A study published in the journal Educational Psychology was based on a survey of over 27,000 French teenagers. It measured the frequency (ranging from “never” to “every day or almost”) that teenagers played recreational video games (car racing, fighting, etc.) vs. how often they took part in reading activities (including crime, thriller, and fantasy). It then used the results to determine that there were "no correlations or very slight ones between video games and cognitive/school tests.”
However, when you consider the video games in the study were being played for recreation purposes and were not learning-based games, it’s difficult to determine how much weight someone should place on these results. It’s fair to say that reading activities have important associations with cognitive abilities, but the cognitive stimulation produced from games played for fun is entirely different from those involved in academic subjects.
What’s more, this study opposes a theory that hasn’t even been proposed: that all video games improve grades. The research fails to look at video games designed for the purpose of learning and supplementing classroom learning.
In contrast, a study in the Journal of the Learning Sciences shows that games aligned to a curriculum can improve grades as well as long-term retention. At the end of the testing period, 92% percent of teachers said they would continue to use video games as part of their program because of these advantages:
- Students playing the games increased their test scores by the equivalent of half a letter grade in three weeks.
- Teachers who blended their classrooms, dividing time between typical instruction and game-based learning, reported dramatic increases in student engagement.
- Ninety-two percent of teachers said they would like to use similar games again because of the impact on student performance and engagement.

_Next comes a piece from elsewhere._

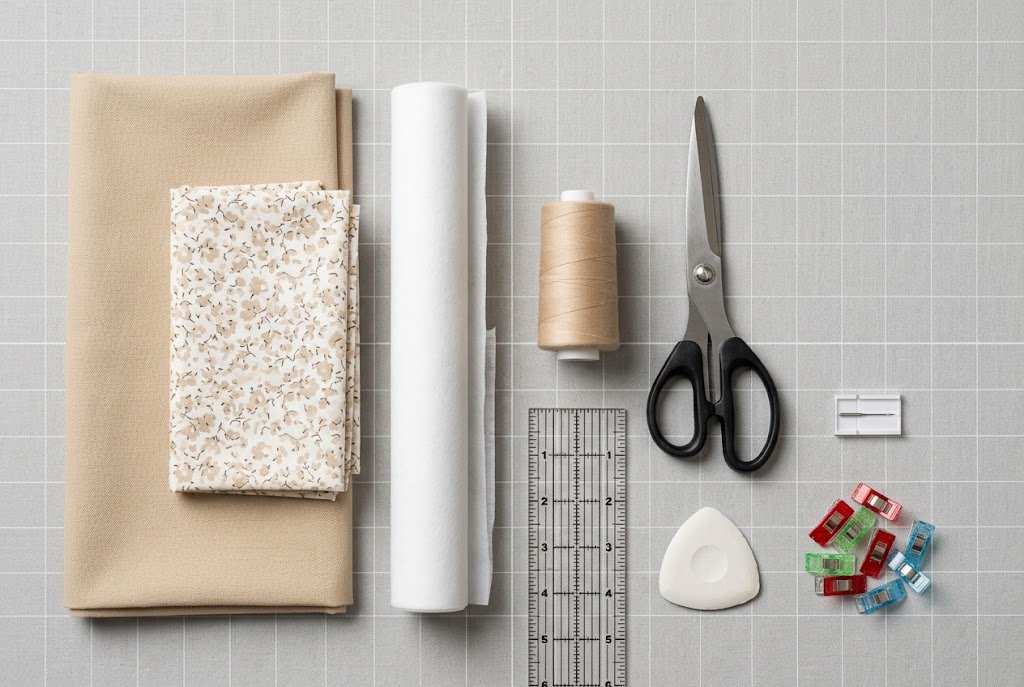Flat lay of sewing supplies for a tote bag including canvas fabric, thread, interfacing, and cutting tools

Unlike the study found in the journal Educational Psychology, the study published in the Journal of the Learning Sciences acknowledges the critical difference between playing for leisure and playing a game with the intent to learn.
Now that we have your attention, here are 5 apps that we think will help make your students learn:
MindBlown Labs Teaches financial literacy in a fun game format. Players will be put into scenarios where they will need to make financial decisions that include student loans, saving for a home, health emergencies, car problems, and high-interest credit cards.
Maths Everywhere Can help improve math skills relevant to students’ lives, like splitting the bill at a restaurant, changing the quantities in a recipe, and financial problems. Each lesson is divided into beginner, intermediate, and advanced to serve a wide variety of math literacy levels.
Sight Words This app contains 315 words that are broken down into appropriate literacy levels. This app will help readers gain the tools to instantly recognize these high-frequency words and their phonetics.
Building a Strong Vocabulary Helps users improve their vocabulary by matching words to their definitions. The words are connected to life skills, work readiness, and academic preparation in social studies and science.
World of Goo is a fun physics-based game that teaches critical thinking puzzle solving skills, physical mechanics, and how to learn from your failures. Once users play this game, they will start to notice how the items they build in the game can be found in real life engineering.